# What is needed:
For this task, extract exactly the lines of the data below, from the line containing "In the previous" through the last one, with pictures left out.

# Collected data:
—————

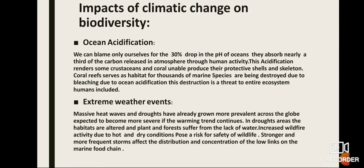Impacts of climatic change on biodiversity. First, ocean acidification: we can blame only ourselves for the 30% drop in the pH of the oceans. They absorb nearly a third of the carbon released into the atmosphere through human activity. This acidification renders some crustaceans and corals unable to produce their protective shells and skeletons. Coral reefs serve as habitat for thousands of marine species and are being destroyed due to bleaching, which is a threat to entire ecosystems, humans included.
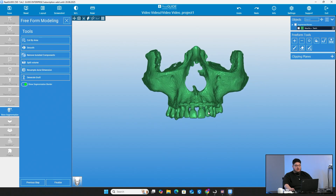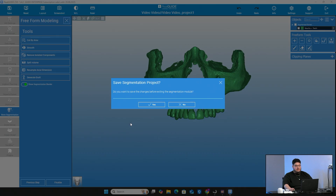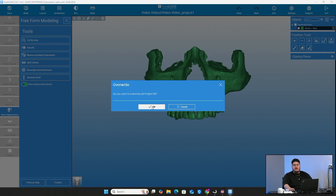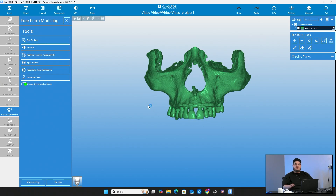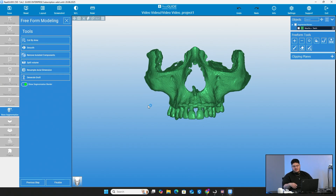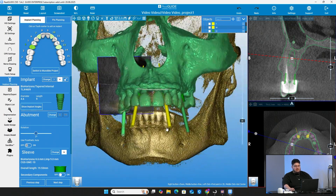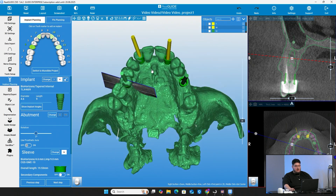Once we've done that, we're going to move forward. All we're going to do is go to the bottom left and press finalize. It's asking if you want to save the segmentation project — we'll go ahead and press OK. If you're going to overwrite a project, that's totally fine. If you don't want to overwrite something, just change the name. Now we have our segmented model just like that. We can even get rid of the CT scan for now and just look at our segmented model.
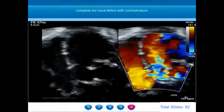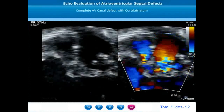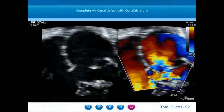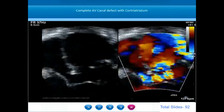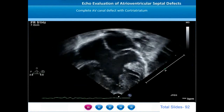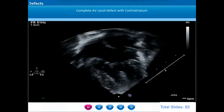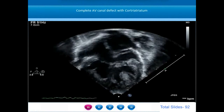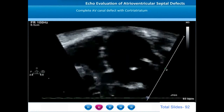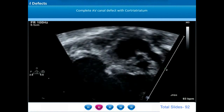Obstructions to left ventricular inflow and outflow can happen in AV septal defects. This is an example of cor triatriatum in a patient with AV septal defect — we notice an obstructive membrane within the left atrium causing flow turbulence in the left ventricular inflow region. On apical four-chamber view, there is a dilated coronary sinus representing persistence of a left superior vena cava. The coronary sinus is fully roofed and in addition there is a cor triatriatum with an obstructive membrane in the middle of the left atrial cavity. Color Doppler interrogation shows turbulence across the cor triatriatum indicating pulmonary venous hypertension.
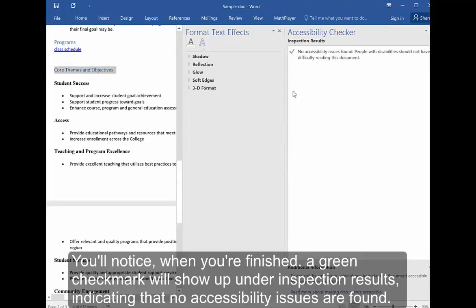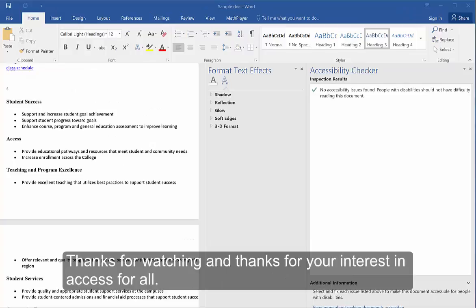You'll notice when you're finished that a green checkmark will come up under the Inspection results indicating no accessibility issues are found. Thanks for watching and thanks for your interest in Access for All.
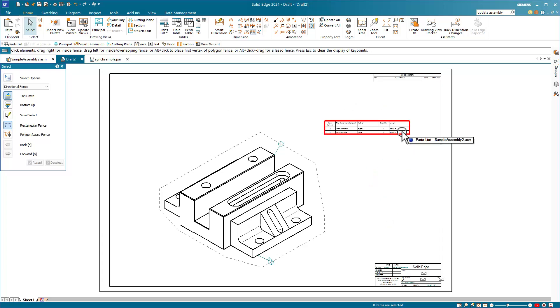So, we've seen a lot in this brief demonstration. Changing parts in their own window, changing parts in the assembly window, updating the assembly, creating a drawing, creating a parts list, adding a column with a variable to the parts list, and making changes to synchronous and ordered parts in the same assembly.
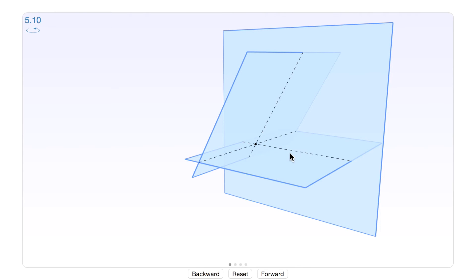From this picture it's easy to think that it's always the case that if you have three equations and three unknowns there will be a unique solution. But that is not always the case.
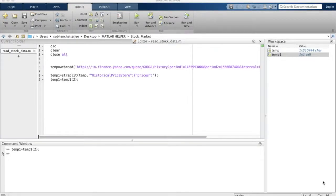In the previous episodes we were able to read the page source for the Yahoo Finance website and we were also able to separate the unimportant parts from the important bits that contain the historical stock data. In this particular episode, we'll try to actually extract each row of the table from the important bit of the page source.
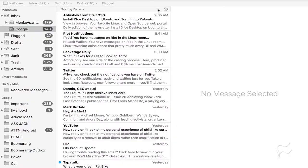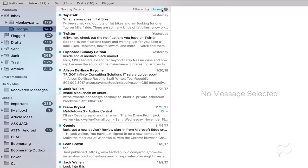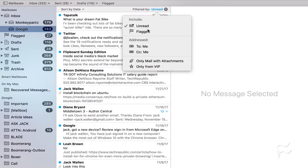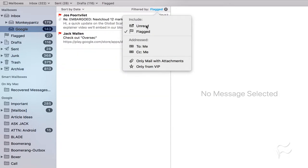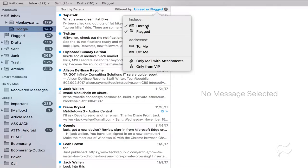How do you use the Quick Filter? Let me show you. Open up Apple Mail on your MacBook or iMac. In the mailbox you want to filter, click on the Quick Filter icon to enable the filter. Click on the filter, and then from the pop-up, select how you want to filter your inbox.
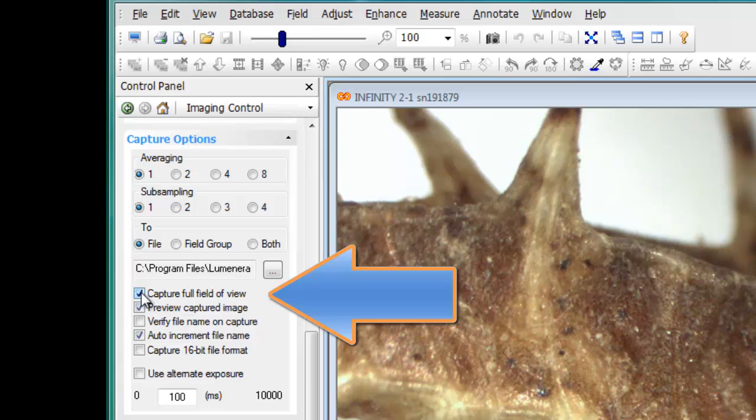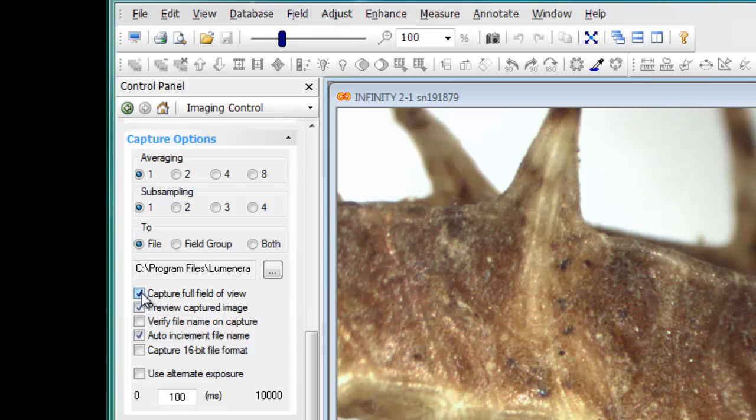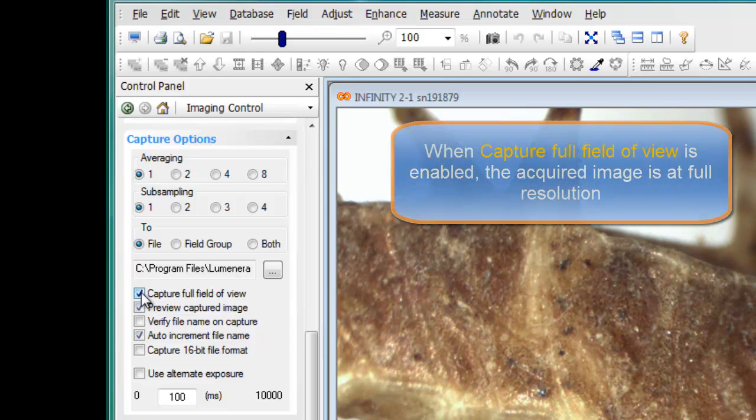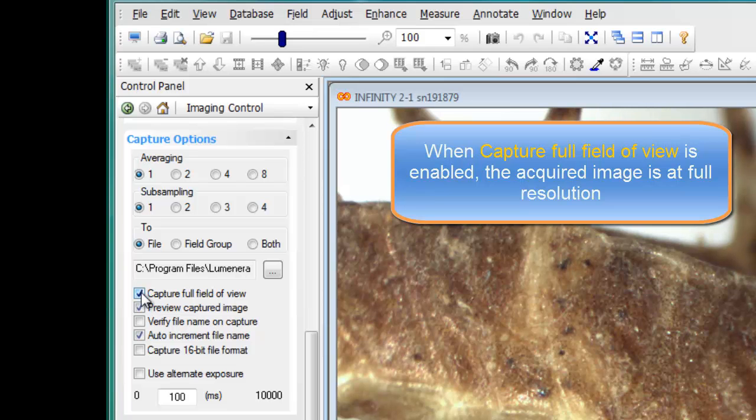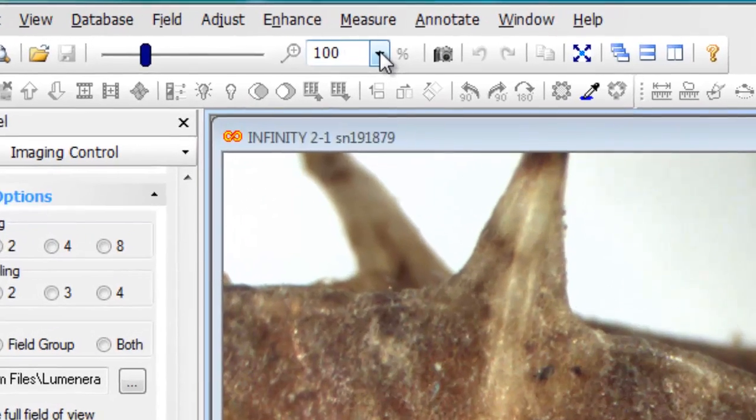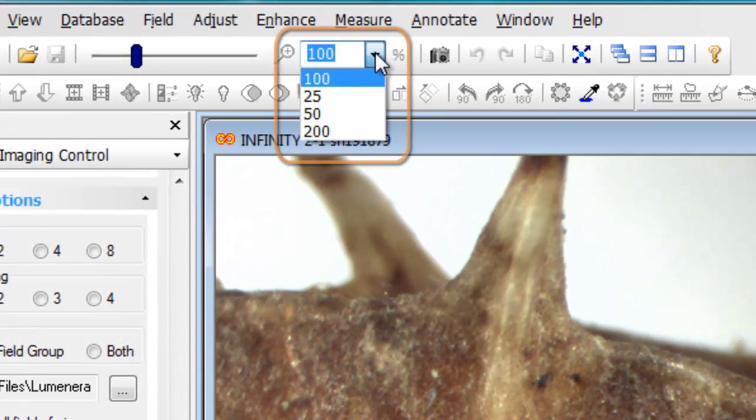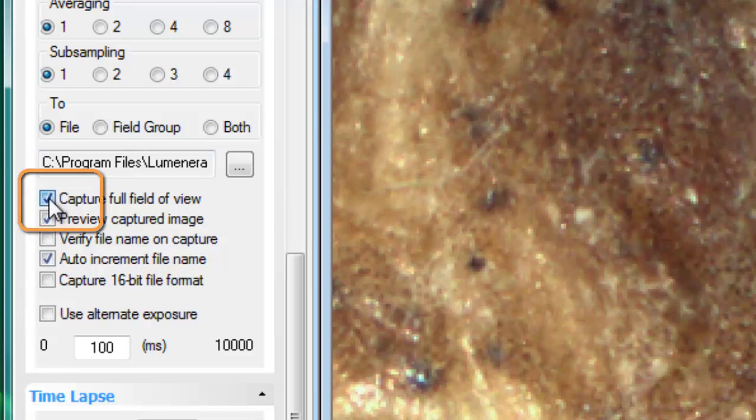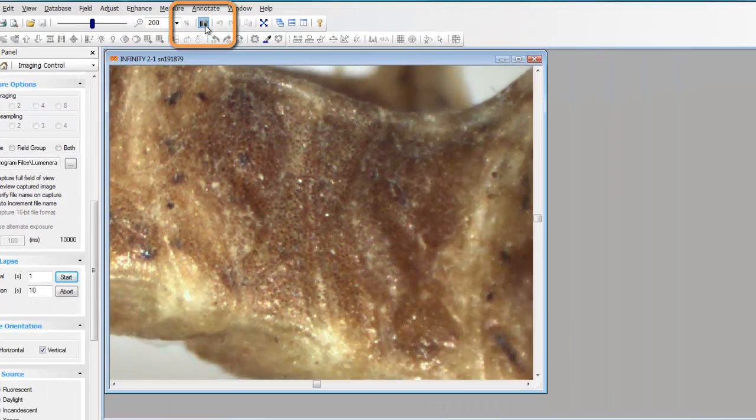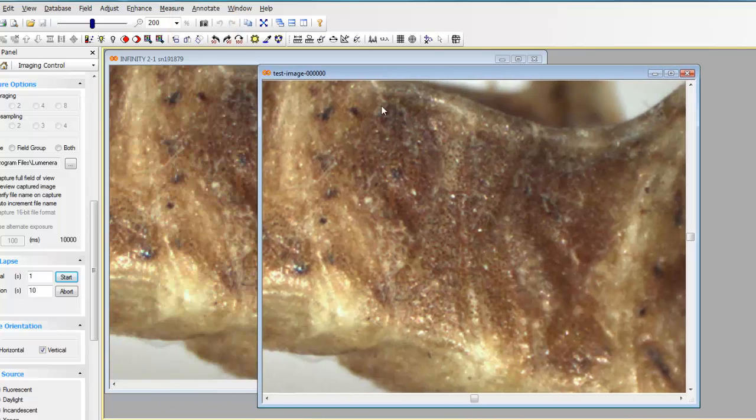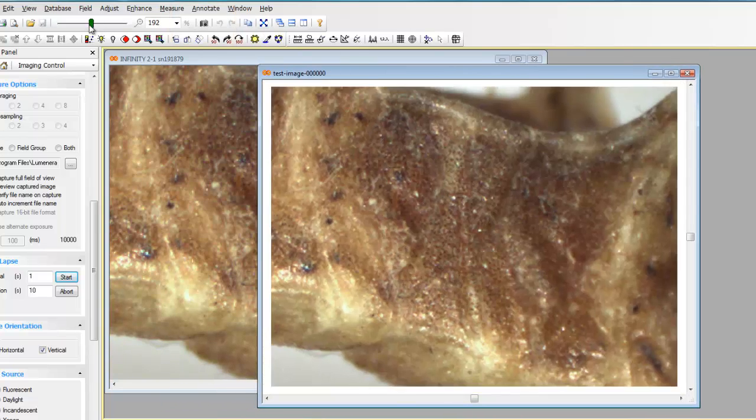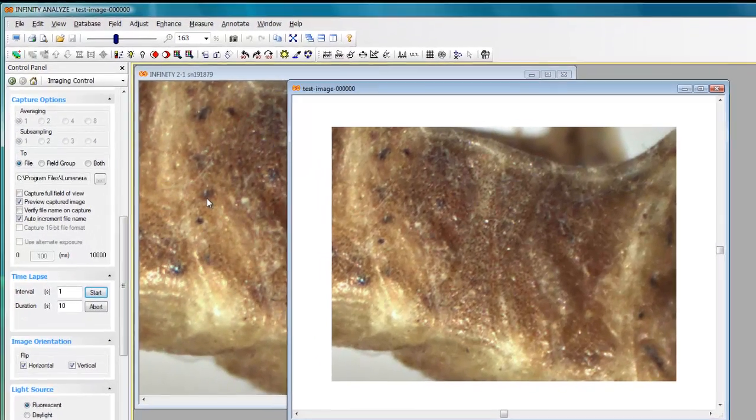The capture full field of view specifically tells Analyze that you want to capture the entire resolution from your camera, whether it's a 1.5 megapixel, 2 megapixel, 3 megapixel, or 5 megapixel camera. Capture full field of view when enabled will always take the image of the entire field of view. However, if you remove that checkbox and change your live preview zoom scale and now click on the capture button, you'll see that the image captured here is showing me just the portion of the image that was visible in my live preview.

—————

# Solution to the exercise:
In the previous episodes we were able to read the page source for the Yahoo Finance website and we were also able to separate the unimportant parts from the important bits that contain the historical stock data. In this particular episode, we'll try to actually extract each row of the table from the important bit of the page source.
How do you use the Quick Filter? Let me show you. Open up Apple Mail on your MacBook or iMac. In the mailbox you want to filter, click on the Quick Filter icon to enable the filter. Click on the filter, and then from the pop-up, select how you want to filter your inbox.
The capture full field of view specifically tells Analyze that you want to capture the entire resolution from your camera, whether it's a 1.5 megapixel, 2 megapixel, 3 megapixel, or 5 megapixel camera. Capture full field of view when enabled will always take the image of the entire field of view. However, if you remove that checkbox and change your live preview zoom scale and now click on the capture button, you'll see that the image captured here is showing me just the portion of the image that was visible in my live preview.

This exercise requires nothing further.